# Exercise
Your copy should match the entries exactly, except that it holds no pictures.

BEGIN Data supplied

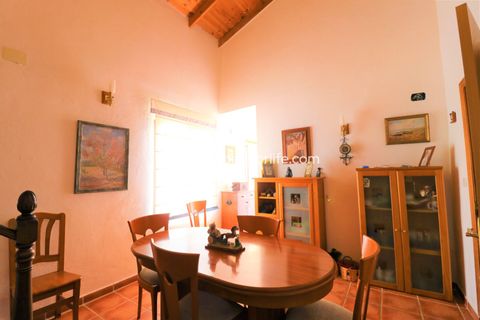 Landejendom i Dolores, Alicante, Dolores - € 210.000 | Ref: Dol MML-D-D - foto 16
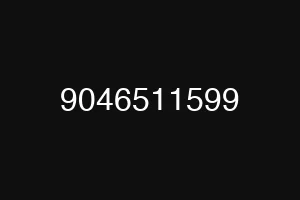 9046511599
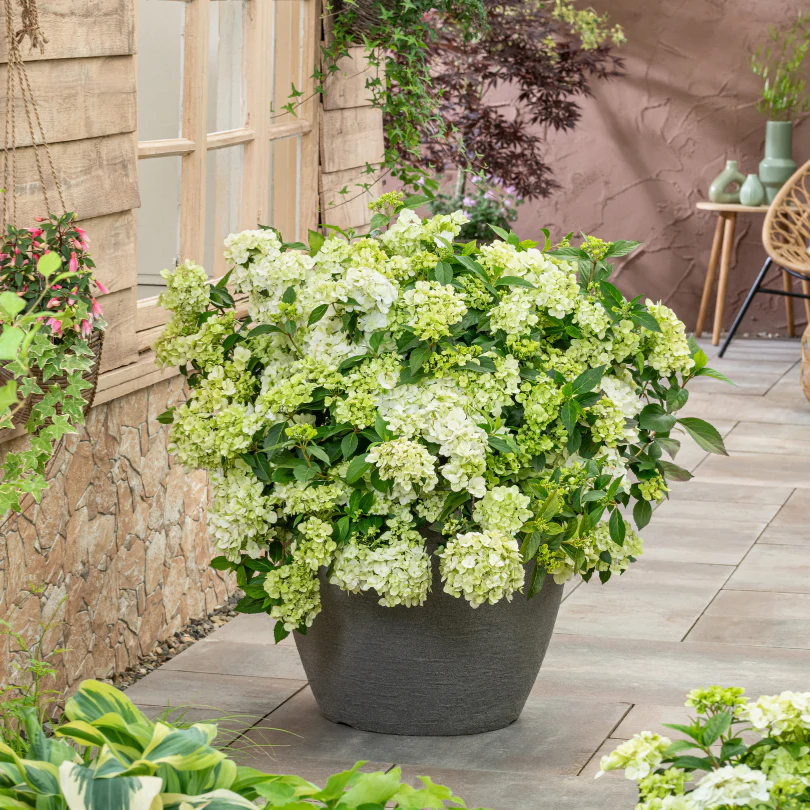 Fairytrail™ Green Cascade Hydrangea - Image 2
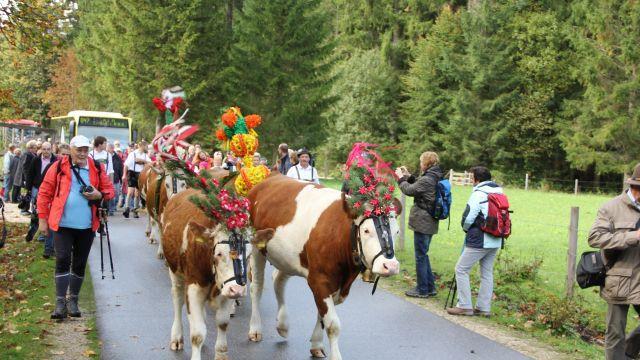Bilder vom Almabtrieb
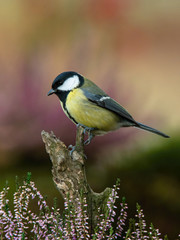 The Great Tit, Parus major, is sitting in color environment of wildlife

END Data supplied

# Exercise result
 Landejendom i Dolores, Alicante, Dolores - € 210.000 | Ref: Dol MML-D-D - foto 16
 9046511599
 Fairytrail™ Green Cascade Hydrangea - Image 2
Bilder vom Almabtrieb
 The Great Tit, Parus major, is sitting in color environment of wildlife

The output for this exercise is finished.